Bidding for the EMS project is underway
MONROE, CT — Burlington Construction Co., the project manager for the renovation and addition of the Monroe Volunteer Emergency Medical Service’s headquarters at 54 Jockey Hollow Road, has put the project out to bid in an effort to find the right contractor.
“We’re promoting local businesses to bid on this,” Town Councilman Terry Rooney, who serves as the building committee chairman, told the council at its meeting Monday night.
Rooney said the committee wants the project to be as local as possible. The bids are due by Feb. 16.
Jacunski Humes Architects designed the building renovation and addition. The project has an Inland Wetlands Commission approval and the Planning and Zoning Commission approved a municipal referral from the Town Council.

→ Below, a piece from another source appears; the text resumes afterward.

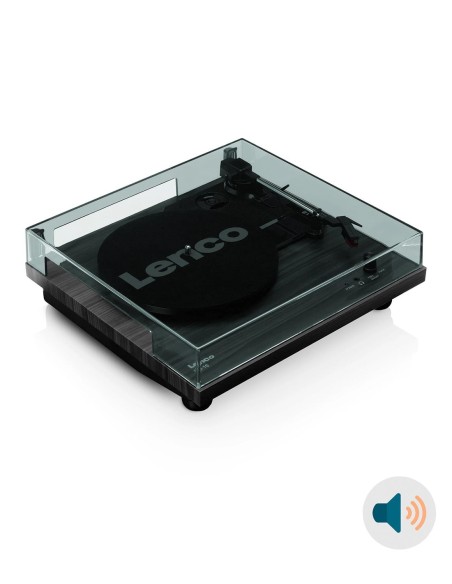 Проигрыватель виниловых дисков с встроенной акустикой Lenco LS-10 Black Wood сверху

Over the years, the ambulance service, which shares space at Jockey Hollow Firehouse, has seen an annual call volume increase, from 900 to 1,500 calls.

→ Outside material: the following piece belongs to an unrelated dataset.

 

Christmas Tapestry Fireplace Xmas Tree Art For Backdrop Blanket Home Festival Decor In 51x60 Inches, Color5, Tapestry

The EMS, which has between 45 and 50 members, has outgrown its facility, according to EMS Chief Donald Smith, who has said there is no office space and the classroom, which doubles as volunteers’ dining room, is too small. There is no restroom upstairs and there is an unworkable shower on the lower level, so volunteers have to go home to shower and change, according to Smith.

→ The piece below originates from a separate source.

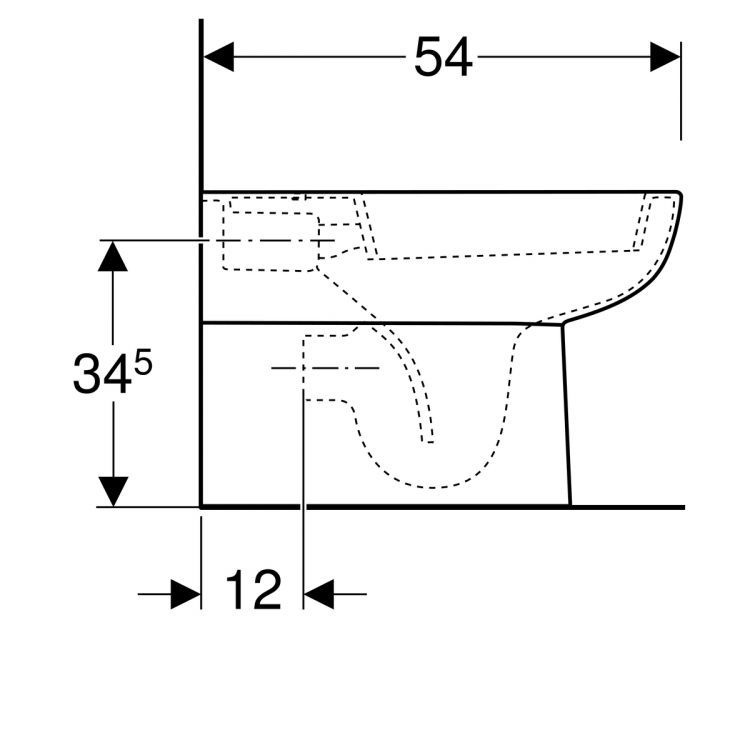 Чаша унитаза напольного Geberit Smyle для смывного бачка наружного монтажа, глубина 54 см [500.213.01.1]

Aside from more space inside the building, the parking lot would be increased from 20 to 64 spaces.
Monroe student makes the grade
Hunter Smith, of Monroe, has been named to the Dean’s List at Providence College for the Fall 2020 semester.
To qualify for the Dean’s List, students must achieve at least a 3.55 grade point average with a minimum of 12 credits. Smith is a member of the class of 2024.
Old Webb no longer a town road
Town Council members voted to accept a certificate from the state to discontinue Old Webb, a.k.a. Old Stationhouse Road, as a town road Monday.
The small gravel road, off to the right of the driveway for Mondo Septic Services and Construction on Monroe Turnpike, was once part of State Highway 145. It used to lead to a bridge that carried traffic over the Halfway River toward Newtown.
The town acquired the road around 1930, when it was abandoned by the state after Route 34 was built.
Bruce C. Mondo asked the Town Council to discontinue it as a town road, because it separates his properties at 1603 and 1615 Monroe Turnpike, impairing his ability to develop his land.
The winding road leads to a house owned by William and Geralyn Wiley, both are Stevenson firefighters and William was a past chief. It is the couple’s only access to their home, where they’ve lived since 1976.
The couple did not oppose the discontinuance.
Gift bags for your Valentine
The Monroe Women’s Club will deliver gift bags to town addresses from now through Valentine’s Day, Feb. 14.
Adult/teen bags are $20 and bags for children, age 4-12, are $15 each. All bags contain three to five seasonal items.
For an order form with more details, click here. Checks payable to Monroe Women’s Club c/o Ambar Picon, should be mailed to 31 Wayne Road, Monroe CT 06468.
The deadline for orders is Feb. 12, 2021. For information, call 203-895-3275 or send an email to [email protected].
The Monroe Women’s Club’s Birdseed Bell fundraiser will benefit the Monroe Food Pantry, while feeding local birds over the winter.
Birdseed bells are $15 each and include a whimsical bird ornament for the recipient. The Monroe Women’s Club will deliver the bells to Monroe addresses.
More details are on the order form. The deadline is March 31, 2021. Checks should be made payable to Monroe Women’s Club c/o Veronica Condon and mailed to 9 Stable Ridge Road, Monroe CT 06468.
For information, call 203-331-6662 or send an email to [email protected].
Mishkan Israel food drive
Congregation Mishkan Israel, 77 Mount Pleasant Drive in Trumbull, is seeking volunteers to assemble food packages for distribution to the needy for the Jewish holidays of Purim, Feb. 25-26, and Passover, March 27-April 4.
In a year corresponding to 5781 on the Hebrew calendar, the holidays celebrate the freedom of the ancient Israelites from bondage and commemorate Jewish deliverance. Those wishing to volunteer can contact the congregation at [email protected].
Under the leadership of Rabbi Joseph Torenheim for more than three decades, Mishkan Israel serves the communities of Trumbull, Easton, Fairfield and Monroe, providing spiritual services, youth activities and a summer day camp for children.